In order to build this, we need a way to represent a two-dimensional grid, and a way to generate random numbers. We can use ImageGrid for the former (though we'll come back later and use something else), so let's explore the latter before we dive into writing code.

Random Numbers

Let's take a look at a small program that does nothing but generate a few random numbers:


In [170]:
import random
for i in range(5):
    print random.randint(1, 10)


2
10
8
3
5

The first step is to import the standard Python random number library called (unsurprisingly) random. We can then call random.randint to produce as many "random" numbers as we want. The quotes around the word "random" are important: the values produced by this library (and its equivalents in other languages) are only pseudo-random, and it's important for scientists to understand the distinction in order to use them properly.

To see why, let's try generating some random values ourselves:


In [171]:
base = 17
value = 4
for i in range(5):
    print value
    value = (3 * value + 5) % base


4
0
5
3
14

The base determines how many integers we get before the sequence starts to repeat itself. The sequence eventually does have to repeat: computers can only represent a finite range of numbers, so sooner or later, it's going to go back over its tracks. Once it does, values will appear in the same order as they did the first time:


In [172]:
base = 17
value = 4
for i in range(40):
    print value,
    value = (3 * value + 5) % base


4 0 5 3 14 13 10 1 8 12 7 9 15 16 2 11 4 0 5 3 14 13 10 1 8 12 7 9 15 16 2 11 4 0 5 3 14 13 10 1

The seed controls where the sequence starts. If we choose a different seed, such as 9, the sequence starts in a different place, but produces the same values in the same order:


In [173]:
value = 9
for i in range(10):
    print value,
    value = (3 * value + 5) % base


9 15 16 2 11 4 0 5 3 14

But there's a problem, and that problem is the reason scientists should never, ever write their own random number generators. You may not have noticed, but the number 6 doesn't appear in the sequences above. That's bad news: having gaps in our supposedly-random distribution would almost certainly introduce bias in our simulations and statistics. What's worse is what happens if we choose 6 as our seed:


In [174]:
value = 6
for i in range(10):
    print value,
    value = (3 * value + 5) % base


6 6 6 6 6 6 6 6 6 6

Those "random" values would definitely introduce bias into our calculations. Can we be sure that random.randint won't do this, and that something subtler won't go wrong?
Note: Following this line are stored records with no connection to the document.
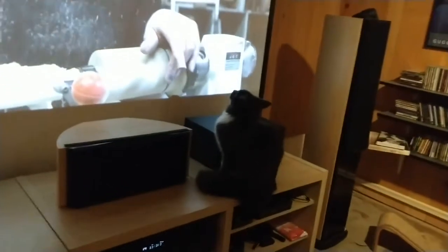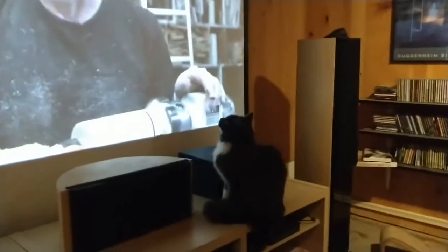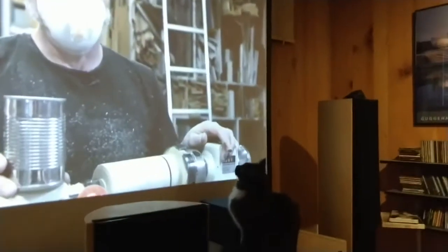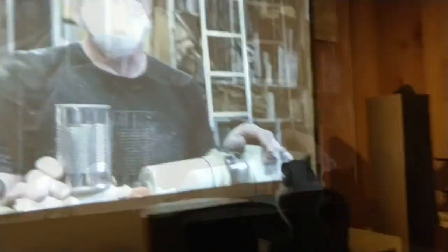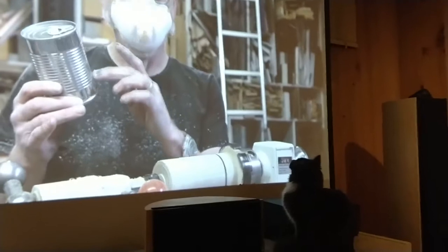Well, I think it's pretty clear that the chunk of wood I'm making is going to be the exact same size as this can of beans that Amber used to hold up her couch. So I'm going to make it look just like a can too, and I'm going to put these can ribs on it.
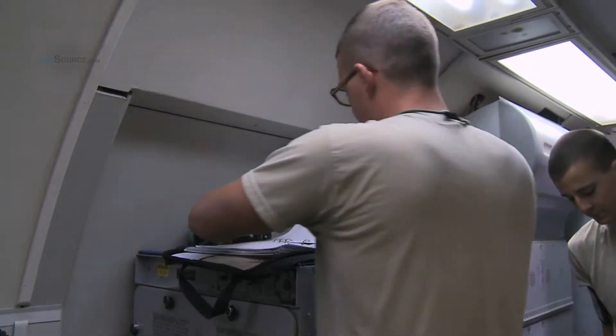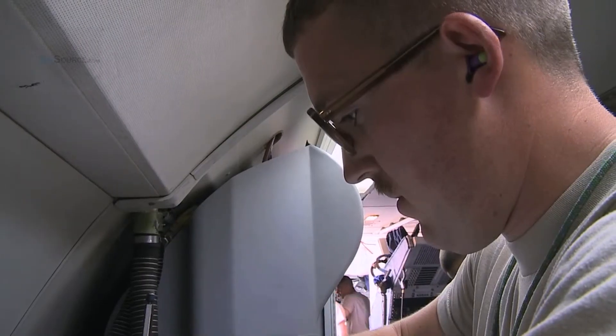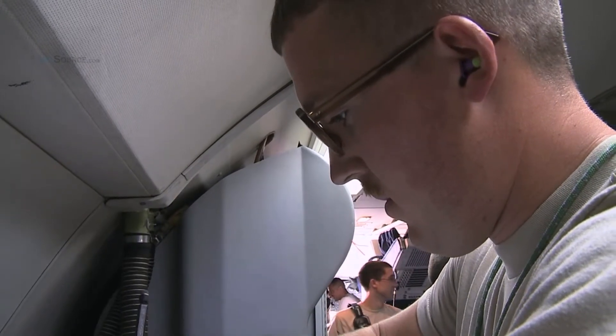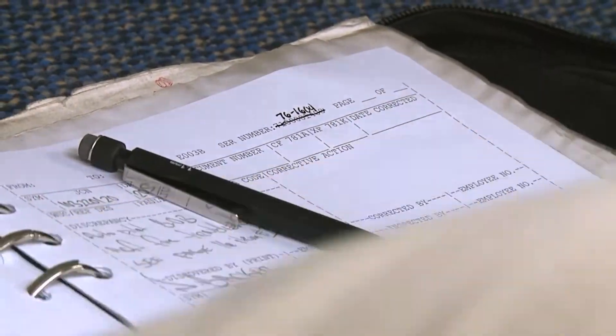All right. Here we go. Come on. We got the car. That's where the pilot's at. That's what they need to say.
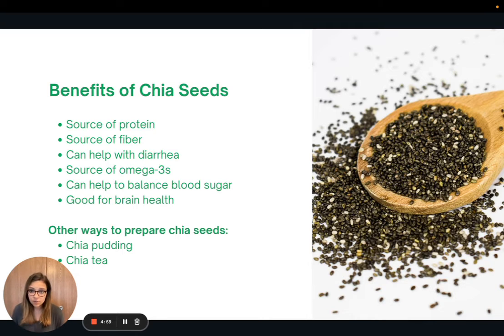There are lots of different ways to prepare chia seeds. You can do a chia pudding, which is kind of like tapioca pudding. You can also add them to iced tea, and actually one of the recipes we'll go over in a few weeks will be a chia tea.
The answer to both questions is "yes, but it's hard". Modern pseudo-random number generators rely on some sophisticated mathematics to ensure that the values they produce have all the properties of real randomness. Scientists should always use them instead of building their own.

A Function at a Time

Now that we know how to generate random numbers, we can start to grow our DLA program. The first step is to write a main driver to control the whole simulation:


In [175]:
from ipythonblocks import ImageGrid, colors

def main(size):
    '''Simulate diffusion-limited aggregation.'''
    grid = create_grid(size)
    filling = True
    while filling:
        fill_next(grid)
        if finished(grid):
            filling = False
    grid.show()

This is about as generic as it can be: we create a grid, then fill in one cell at a time until the simulation is supposed to end, at which point we display the aggregate. Let's try running it:


In [176]:
main()


---------------------------------------------------------------------------
TypeError                                 Traceback (most recent call last)
<ipython-input-176-58ca95c5b364> in <module>()
----> 1 main()

TypeError: main() takes exactly 1 argument (0 given)

Excellent: it fails, just as we expect it too. If it had succeeded in running, we'd know that we had somehow accidentally imported or defined a create_grid function.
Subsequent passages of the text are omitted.